▸ Your assignment:
Please print nothing but the lines from the one containing "Charizard VSTAR Pokémon" to the final line below, exactly, and no pictures.

[[ Supplied data open ]]

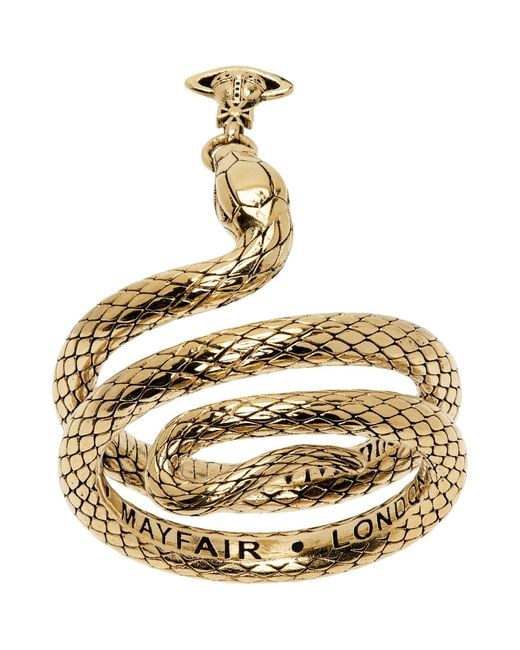Vivienne Westwood Metallic Albane Ring for men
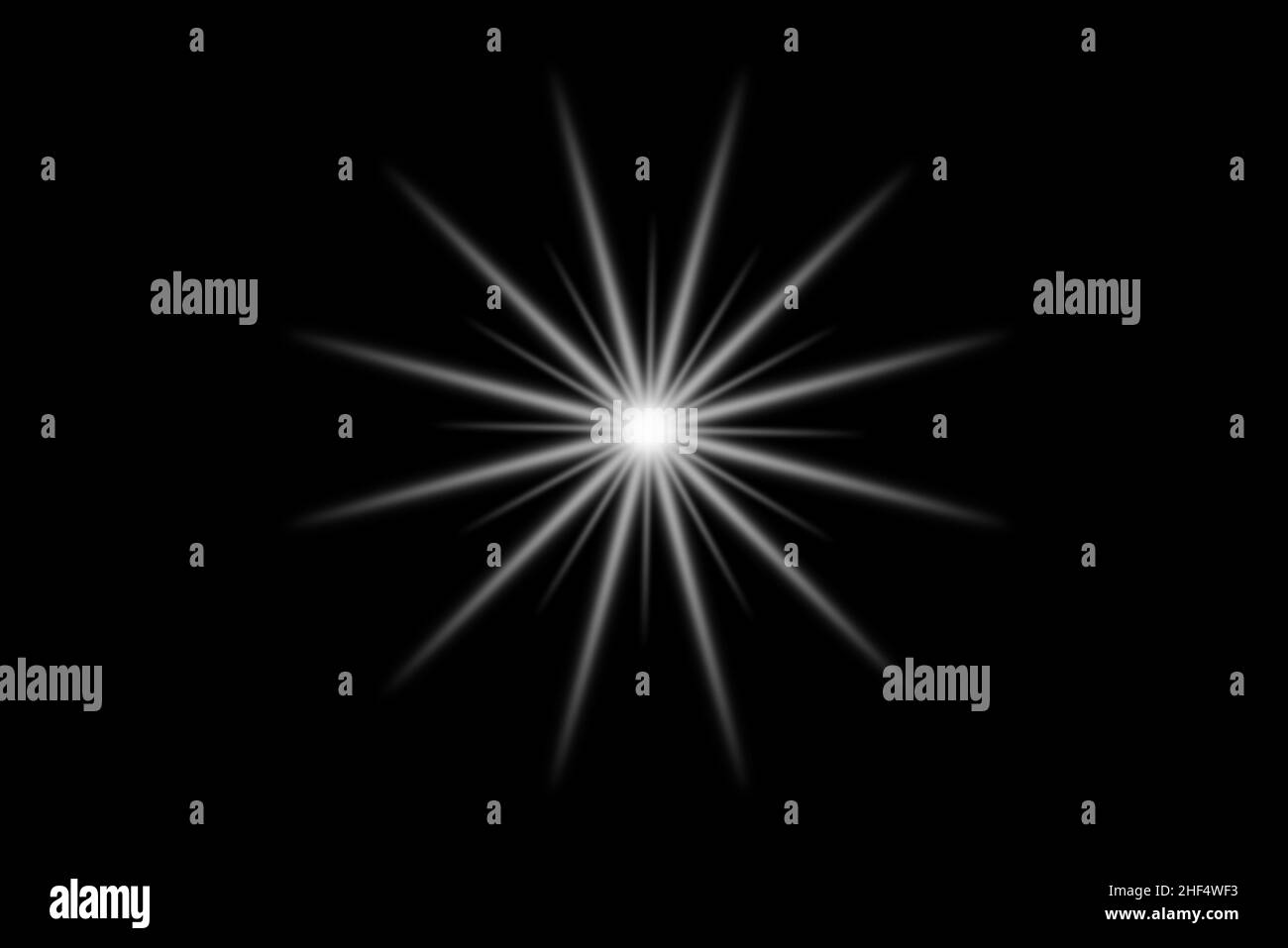 Lens flare Black and White Stock Photos & Images - Alamy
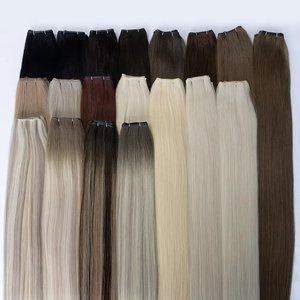 ผมต่อแบบเวฟท์แท้จาก Genius Weft ขายส่ง แบบ Double Drawn สามารถตัดได้ ไม่มีรอยต่อ ไม่รับคืนสินค้า สีบาลายาจแบบ Piano  รับทำโลโก้ตามสั่ง - Product Image 5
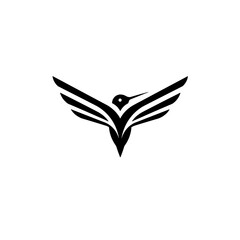 Hummingbird Vector Logo Design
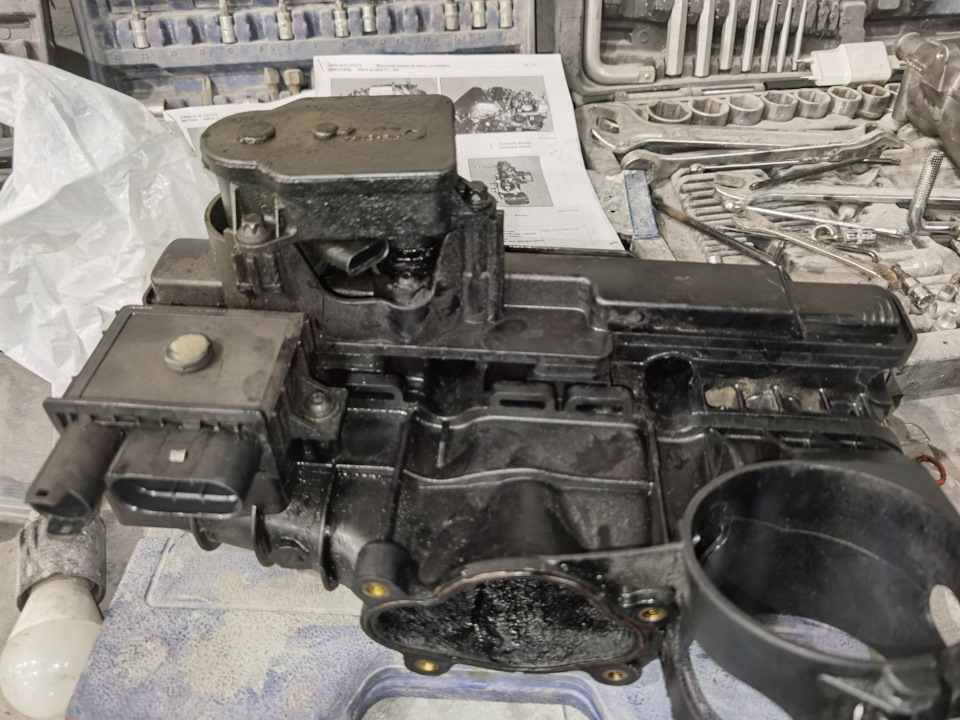 Чистка впускного колектора на W211 5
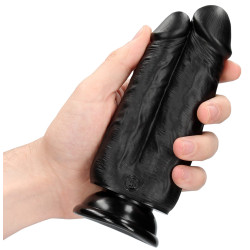 Real Rock Double Gode Two In One 15.5 x 6.5cm Noir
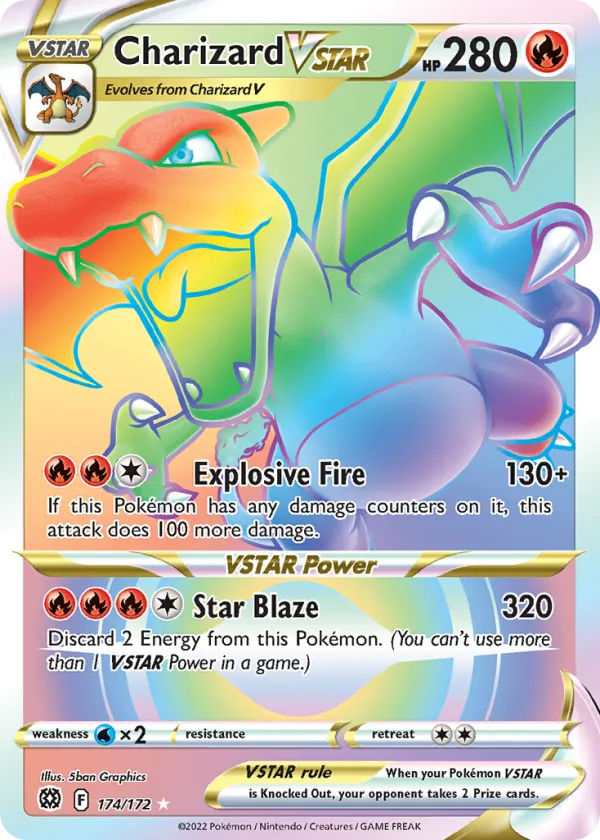 Charizard VSTAR Pokémon Brilliant Stars #174 Holo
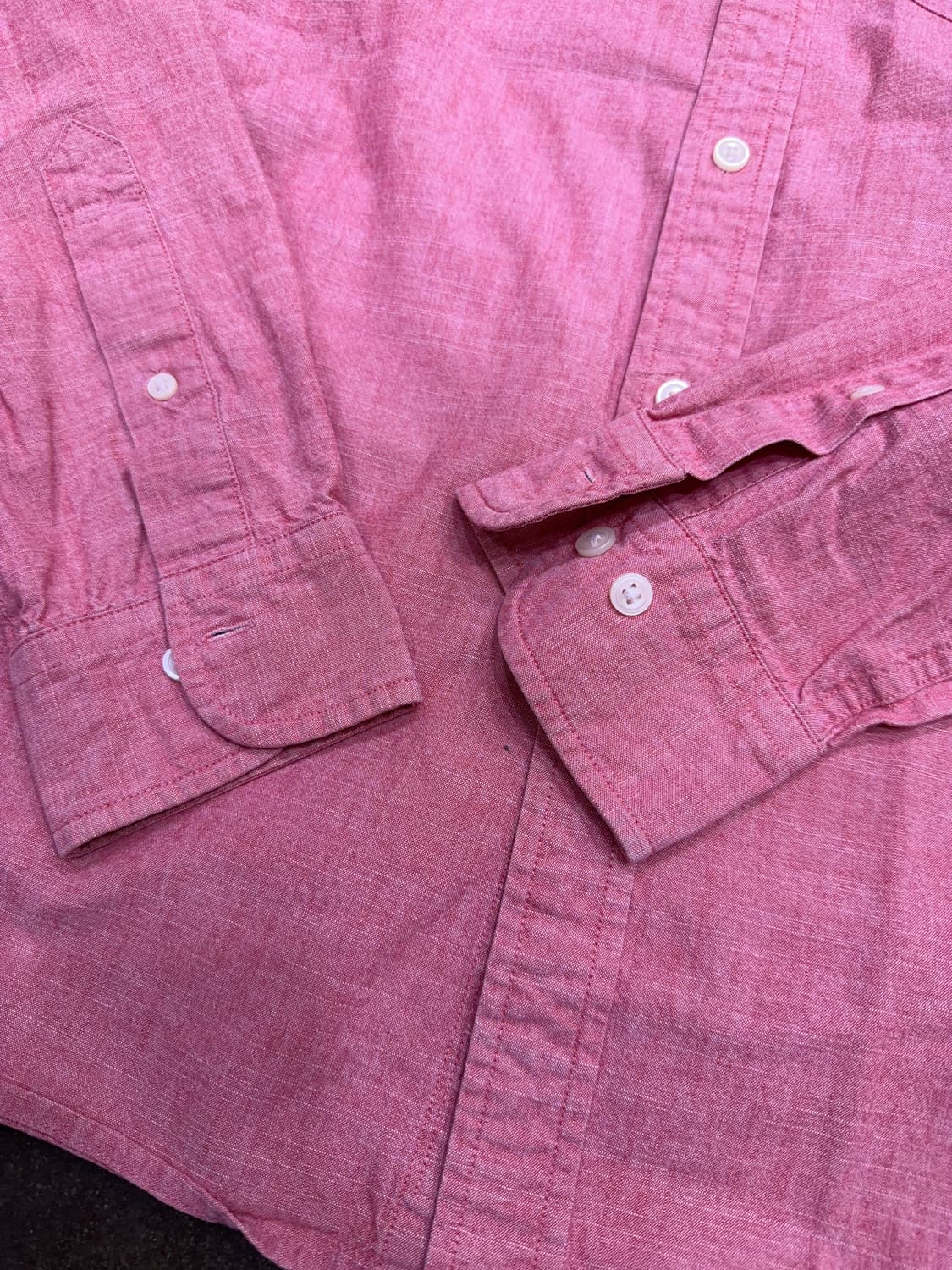 브룩스브라더스 캐쥬얼 코튼 면 버튼다운 원포켓 셔츠 남방 L 상품이미지5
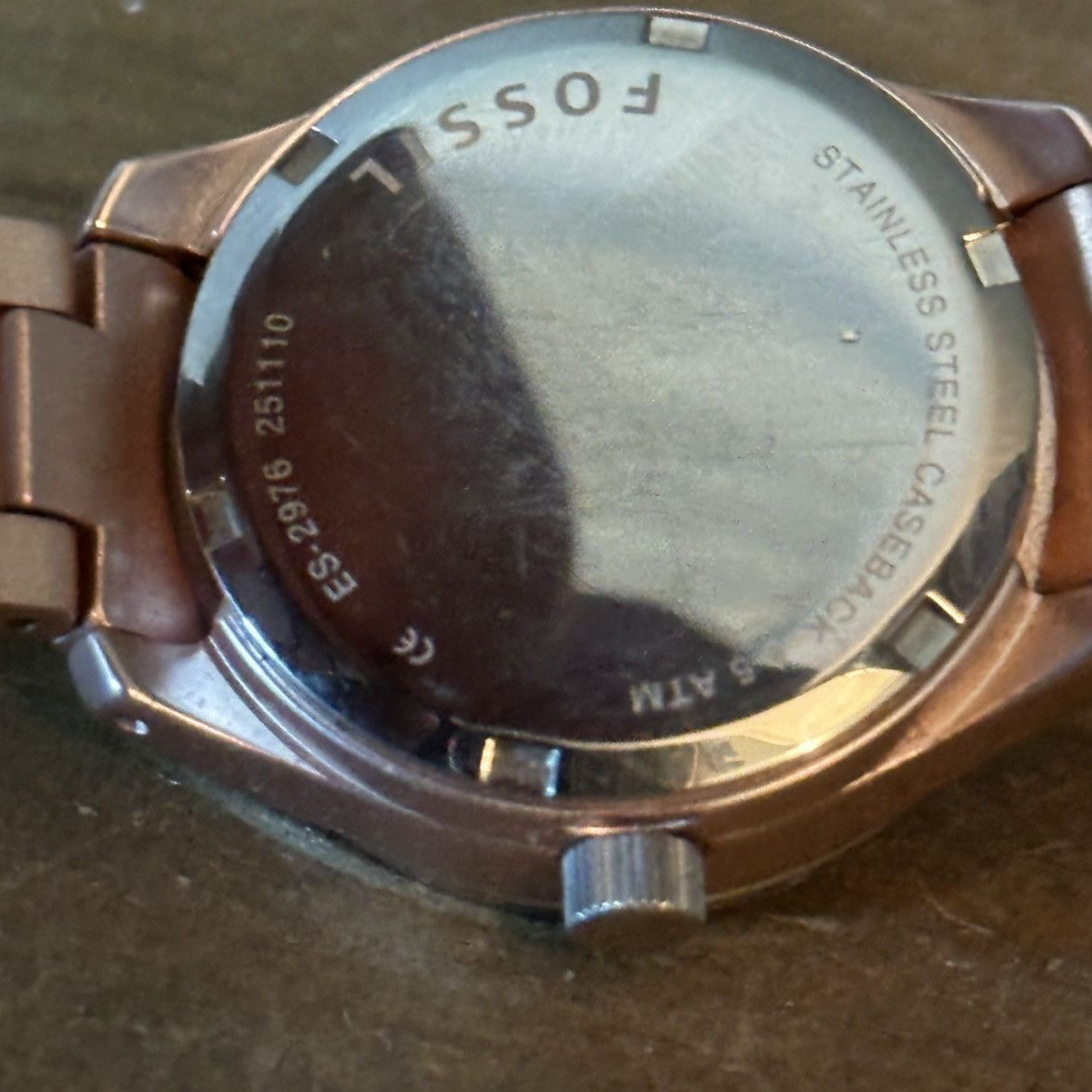 Fossil Fossil Stella Mini Glitz blush watch ES2976 Size ONE SIZE - 10 Thumbnail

[[ Supplied data closed ]]

▸ Answer:
 Charizard VSTAR Pokémon Brilliant Stars #174 Holo
 브룩스브라더스 캐쥬얼 코튼 면 버튼다운 원포켓 셔츠 남방 L 상품이미지5
 Fossil Fossil Stella Mini Glitz blush watch ES2976 Size ONE SIZE - 10 Thumbnail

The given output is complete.